I’m heeding calls to self-isolate and yesterday marked my fifth day of voluntary house arrest. I was managing okay, but I suddenly panicked when I wasn’t immediately certain what day it was. Like most everyone my life was marked by regularly scheduled activities and rituals that helped me demarcate the days. I feared I was experiencing the beginnings of cognitive decline.
Google, and a call with a prominent Los Angeles doctor, quickly calmed my fears. Losing track of days is one of the adverse side effects of isolation. A study of volunteers at a research station in Antarctica revealed that participants found it difficult to concentrate and keep track of time. The doctor I consulted confessed that when his plumber on Tuesday wanted to schedule an appointment for Wednesday, he didn’t instantly realize it was the following day.
While losing track of the days will likely be temporary, I’ve quickly learned the consequences of extended isolation and social distancing are statistically more dangerous and severe than the novel coronavirus. Medical studies have documented that the adverse health effects of loneliness and isolation are equivalent to smoking 15 cigarettes a day. Despite all the medical and technological advances, America’s average life expectancy has been declining since 2015 and increased feelings of loneliness and isolation are responsible for the very dire statistics.
Americans are dying from so-called “deaths of despair” — suicide, alcohol-related illness, and drug overdose — at a rate unprecedented in history. More Americans die annually from suicides than car accidents and the drug overdose rate is almost double the car accident rate. Even before the coronavirus loneliness and isolation in America was at epidemic levels.
A Cigna survey released in January revealed that three in five Americans were lonely, with people increasingly feeling left out, poorly understood, and lacking companionship. Nearly one-third of America’s elderly live alone, which is highly associated with loneliness. Former Surgeon-General Vivek Murthy three years ago warned about America’s loneliness epidemic and conditions have worsened considerably in the ensuing three years.
The closing of community and fitness centers, houses of worship, restaurants and bars, and other points of social contact have no doubt exacerbated feelings of loneliness and isolation. People afflicted with addictions have been especially hard hit. Here in L.A., the Betty Ford Center is closed, and many Alcoholics Anonymous meetings have been cancelled. It is said that alcoholics are always just one drink away from relapsing and continuously attending AA meetings is how many ensure their sobriety.
The coronavirus is exposing baby boomers to unpleasant truths about their mortality and societal expendability. Seventy was the new 50 until just recently, but the coronavirus has made 70 the new 100. Italy’s overburdened hospitals don’t have sufficient ventilators to treat all the coronavirus patients, so they’ve made a decision not to intubate anyone 70 and older. Statistics so far indicate that people 65 and over are more likely to die from the coronavirus than any other age group.
It’s legitimate to ask whether the coronavirus also is going to create a pandemic of OCD sufferers, who also suffer from loneliness. The coronavirus has made the public acutely aware about how germs are spread. Most of the precautions against the coronavirus were already recommended as preventative practices against the flu but some people may now become forever germophobic. Airplane surfaces were long hotbeds of germs but few people were deterred from flying. That may change.

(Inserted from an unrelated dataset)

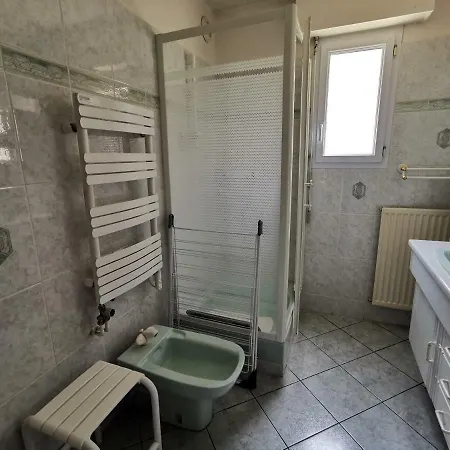 Le Nautique Tatil Evi *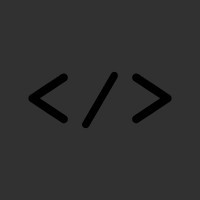 code withsam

What’s certain is that America doesn’t have the resources and support to deal with the mental health impact of extended isolation. There already is a chronic shortage of psychiatrists, particularly geriatric specialists. Most insurers provide limited coverage for mental health care, and in major cities, few mental health care professionals take Medicare or any other insurance. President Trump wants to strip hundreds of billions from Medicaid, the country’s largest payer of behavioral health services. Most states have also slashed mental health care funding. Mental health care has become a benefit for the well off, despite statistics showing the poor and disadvantaged are in greater need of treatment.

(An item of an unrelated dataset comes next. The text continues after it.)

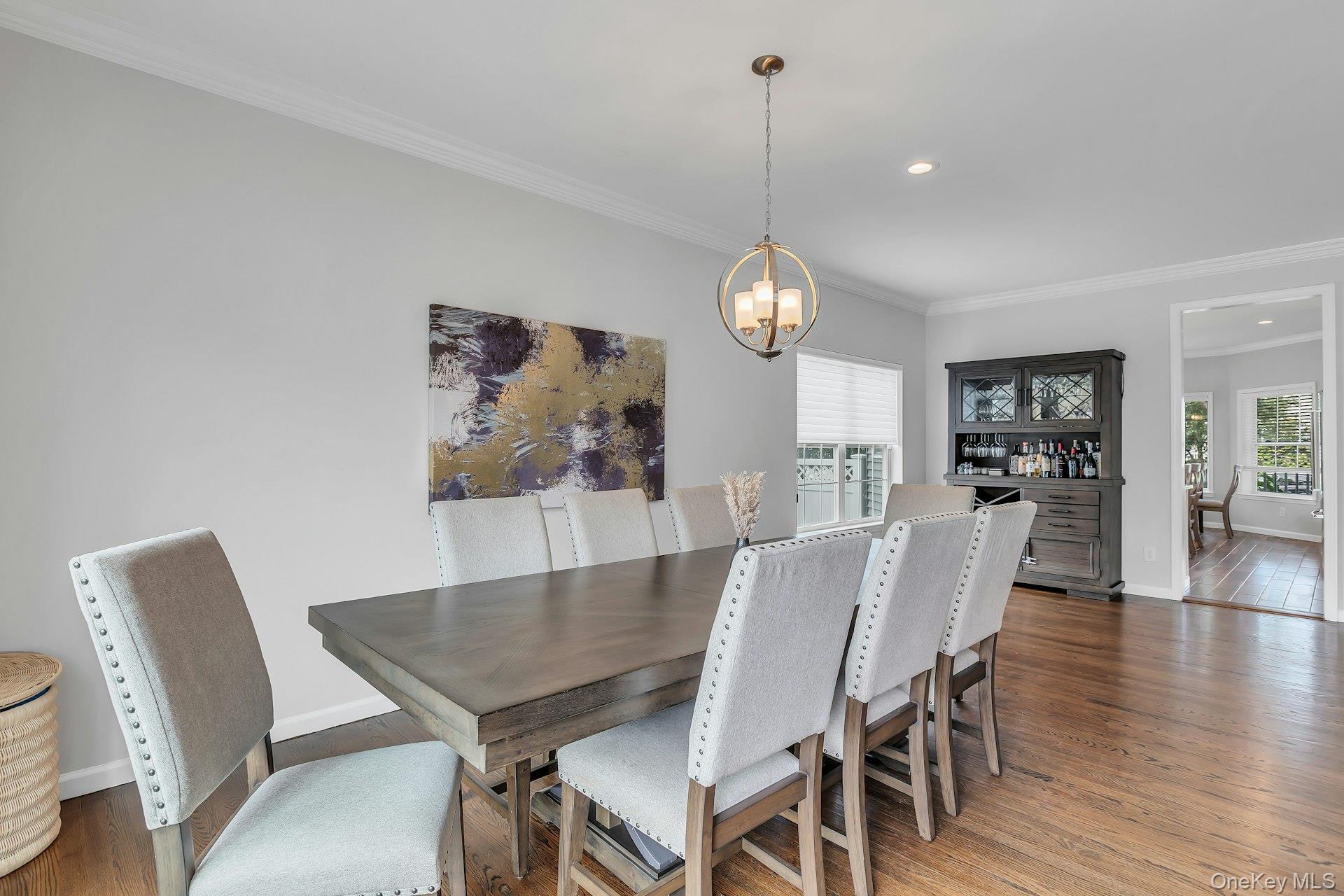 140 Rivendell Court — photo 10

Most diagnosed coronavirus patients die alone because they are placed under quarantine. It’s a cruel irony that more people will die from the preventative treatment than the disease and that they, too, will die alone.

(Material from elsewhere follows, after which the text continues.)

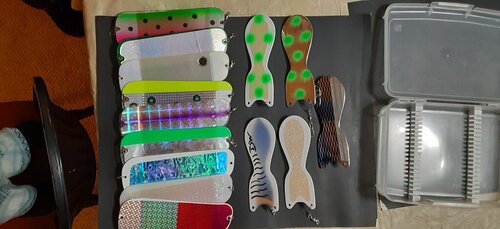 15827634992875479555697689414882.thumb.jpg.9fa4c6906af619ad74be4619a5b05d8f.jpg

A Shout-Out for the Washington Post
The mark of a great news publication is its ability to mobilize its resources and cover a fast-breaking story like the coronavirus with so many critical angles. I’m in awe of the 24/7 coverage the Washington Post is providing its readers, on the news and guest commentary fronts. There is a palpable humanity to the Post’s coverage that inspires trust and confidence. When Post reporters aren’t serving as stenographers for anonymous swamp creatures in their publication’s hometown, they produce stories and insights of unparalleled quality.
The Post is making some of its coronavirus coverage available for free, but the publication is deserving of reader financial support. If the Post started a fund that was earmarked entirely for non-management editorial employees, I’d gladly contribute to it. (Jeff Bezos can afford to financially reward his managers.)